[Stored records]
▬▬▬▬▬▬

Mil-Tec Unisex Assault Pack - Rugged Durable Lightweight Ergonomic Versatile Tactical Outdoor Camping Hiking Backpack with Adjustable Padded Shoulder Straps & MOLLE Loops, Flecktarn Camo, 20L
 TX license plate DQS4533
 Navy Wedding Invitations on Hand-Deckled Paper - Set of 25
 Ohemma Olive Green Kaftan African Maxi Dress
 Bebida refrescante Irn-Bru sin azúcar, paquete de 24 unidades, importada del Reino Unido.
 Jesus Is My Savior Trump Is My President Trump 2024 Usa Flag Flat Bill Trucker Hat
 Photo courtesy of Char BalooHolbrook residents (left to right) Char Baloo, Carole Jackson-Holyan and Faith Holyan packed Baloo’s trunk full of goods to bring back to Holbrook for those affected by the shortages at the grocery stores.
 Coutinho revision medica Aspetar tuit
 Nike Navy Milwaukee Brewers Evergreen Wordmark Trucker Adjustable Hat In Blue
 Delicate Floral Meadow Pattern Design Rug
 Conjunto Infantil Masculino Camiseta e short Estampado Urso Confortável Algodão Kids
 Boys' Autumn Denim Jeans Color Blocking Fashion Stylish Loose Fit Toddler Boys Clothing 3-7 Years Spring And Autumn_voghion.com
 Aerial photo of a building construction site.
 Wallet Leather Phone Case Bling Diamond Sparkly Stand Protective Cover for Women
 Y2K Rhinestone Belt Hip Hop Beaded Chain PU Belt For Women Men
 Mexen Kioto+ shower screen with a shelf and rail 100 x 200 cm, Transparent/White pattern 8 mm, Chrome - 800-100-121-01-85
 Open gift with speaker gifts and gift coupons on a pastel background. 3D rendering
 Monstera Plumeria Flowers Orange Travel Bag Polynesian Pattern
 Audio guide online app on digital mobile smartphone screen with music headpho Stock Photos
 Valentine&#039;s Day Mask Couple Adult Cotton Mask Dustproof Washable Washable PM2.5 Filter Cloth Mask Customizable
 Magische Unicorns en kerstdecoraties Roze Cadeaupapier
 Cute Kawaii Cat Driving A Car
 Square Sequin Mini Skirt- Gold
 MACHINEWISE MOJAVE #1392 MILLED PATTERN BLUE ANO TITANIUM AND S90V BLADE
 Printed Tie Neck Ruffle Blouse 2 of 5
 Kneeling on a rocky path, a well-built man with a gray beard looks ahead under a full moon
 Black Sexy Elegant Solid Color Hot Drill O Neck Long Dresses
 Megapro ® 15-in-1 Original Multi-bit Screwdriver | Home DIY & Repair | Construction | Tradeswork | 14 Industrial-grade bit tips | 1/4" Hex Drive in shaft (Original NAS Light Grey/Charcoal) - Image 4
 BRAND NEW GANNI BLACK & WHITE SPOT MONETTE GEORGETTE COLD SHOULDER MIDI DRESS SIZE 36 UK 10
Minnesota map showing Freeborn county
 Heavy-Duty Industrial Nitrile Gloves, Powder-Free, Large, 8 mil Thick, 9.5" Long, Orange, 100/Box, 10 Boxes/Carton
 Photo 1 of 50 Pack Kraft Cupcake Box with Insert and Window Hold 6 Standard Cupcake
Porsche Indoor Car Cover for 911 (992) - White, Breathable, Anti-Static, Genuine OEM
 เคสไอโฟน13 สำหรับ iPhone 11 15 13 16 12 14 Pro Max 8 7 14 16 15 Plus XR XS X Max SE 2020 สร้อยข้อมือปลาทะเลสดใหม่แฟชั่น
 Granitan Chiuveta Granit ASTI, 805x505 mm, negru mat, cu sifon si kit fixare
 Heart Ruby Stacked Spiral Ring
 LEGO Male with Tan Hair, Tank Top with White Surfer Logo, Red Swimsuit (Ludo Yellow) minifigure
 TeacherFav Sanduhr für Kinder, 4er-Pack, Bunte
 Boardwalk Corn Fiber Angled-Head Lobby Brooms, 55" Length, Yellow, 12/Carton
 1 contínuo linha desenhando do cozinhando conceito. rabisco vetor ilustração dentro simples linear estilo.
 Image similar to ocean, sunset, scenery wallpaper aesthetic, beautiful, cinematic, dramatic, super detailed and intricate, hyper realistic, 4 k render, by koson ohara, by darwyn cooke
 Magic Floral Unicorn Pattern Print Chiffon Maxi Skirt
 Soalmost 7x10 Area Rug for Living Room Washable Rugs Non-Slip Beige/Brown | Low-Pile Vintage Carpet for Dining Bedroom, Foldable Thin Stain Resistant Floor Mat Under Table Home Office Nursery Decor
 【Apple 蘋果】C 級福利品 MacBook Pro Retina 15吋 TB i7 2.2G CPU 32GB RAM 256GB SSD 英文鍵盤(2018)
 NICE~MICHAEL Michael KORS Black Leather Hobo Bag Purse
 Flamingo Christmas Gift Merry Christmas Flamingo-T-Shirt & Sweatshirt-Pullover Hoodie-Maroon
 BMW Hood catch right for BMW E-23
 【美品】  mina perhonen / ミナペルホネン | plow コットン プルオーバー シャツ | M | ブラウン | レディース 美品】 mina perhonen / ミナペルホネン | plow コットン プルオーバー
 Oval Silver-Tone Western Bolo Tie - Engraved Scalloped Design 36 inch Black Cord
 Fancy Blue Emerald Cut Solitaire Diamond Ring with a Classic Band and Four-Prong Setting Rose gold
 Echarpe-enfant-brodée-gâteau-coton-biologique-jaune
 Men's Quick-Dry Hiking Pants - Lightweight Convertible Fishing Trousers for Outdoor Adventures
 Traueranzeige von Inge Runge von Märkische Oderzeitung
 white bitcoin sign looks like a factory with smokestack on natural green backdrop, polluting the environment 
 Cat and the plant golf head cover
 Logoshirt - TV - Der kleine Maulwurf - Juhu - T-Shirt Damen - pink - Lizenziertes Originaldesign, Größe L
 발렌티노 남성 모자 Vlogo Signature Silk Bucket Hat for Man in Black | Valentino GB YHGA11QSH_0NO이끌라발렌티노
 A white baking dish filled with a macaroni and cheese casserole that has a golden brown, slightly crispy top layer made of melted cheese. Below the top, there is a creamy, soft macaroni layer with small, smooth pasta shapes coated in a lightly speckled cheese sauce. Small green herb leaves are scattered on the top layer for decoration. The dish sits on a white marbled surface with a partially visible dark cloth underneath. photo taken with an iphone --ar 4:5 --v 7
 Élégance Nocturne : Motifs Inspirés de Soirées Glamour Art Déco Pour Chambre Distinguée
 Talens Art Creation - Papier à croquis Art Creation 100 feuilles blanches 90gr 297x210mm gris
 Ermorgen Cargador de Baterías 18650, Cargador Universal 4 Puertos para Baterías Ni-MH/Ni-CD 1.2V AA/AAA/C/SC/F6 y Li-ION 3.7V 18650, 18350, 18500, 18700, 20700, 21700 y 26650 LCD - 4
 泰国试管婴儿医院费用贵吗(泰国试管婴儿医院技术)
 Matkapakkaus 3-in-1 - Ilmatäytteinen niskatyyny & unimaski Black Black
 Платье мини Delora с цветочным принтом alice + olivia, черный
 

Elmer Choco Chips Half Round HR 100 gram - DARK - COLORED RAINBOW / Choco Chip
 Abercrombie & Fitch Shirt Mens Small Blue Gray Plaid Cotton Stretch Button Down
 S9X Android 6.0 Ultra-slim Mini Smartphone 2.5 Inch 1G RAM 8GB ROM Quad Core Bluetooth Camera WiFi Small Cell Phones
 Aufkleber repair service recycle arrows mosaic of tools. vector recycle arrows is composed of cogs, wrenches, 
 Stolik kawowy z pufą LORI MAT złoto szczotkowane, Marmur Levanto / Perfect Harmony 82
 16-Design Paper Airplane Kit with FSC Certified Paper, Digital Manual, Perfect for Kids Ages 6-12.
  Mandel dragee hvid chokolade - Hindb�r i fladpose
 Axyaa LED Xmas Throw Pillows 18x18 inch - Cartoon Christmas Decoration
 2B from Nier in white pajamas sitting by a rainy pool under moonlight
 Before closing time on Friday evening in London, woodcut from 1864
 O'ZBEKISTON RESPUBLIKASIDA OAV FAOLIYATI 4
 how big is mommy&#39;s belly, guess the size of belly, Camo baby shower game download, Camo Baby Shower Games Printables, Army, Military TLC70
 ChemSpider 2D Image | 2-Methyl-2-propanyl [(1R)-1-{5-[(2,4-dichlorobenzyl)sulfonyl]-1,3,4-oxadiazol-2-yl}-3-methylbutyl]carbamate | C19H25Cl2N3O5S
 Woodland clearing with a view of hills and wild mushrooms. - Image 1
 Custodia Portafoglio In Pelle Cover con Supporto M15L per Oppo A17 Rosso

▬▬▬▬▬▬

- [Work item] Pull out every line above that holds the word "Long".

- [Output for this exercise]
 Black Sexy Elegant Solid Color Hot Drill O Neck Long Dresses
 Heavy-Duty Industrial Nitrile Gloves, Powder-Free, Large, 8 mil Thick, 9.5" Long, Orange, 100/Box, 10 Boxes/Carton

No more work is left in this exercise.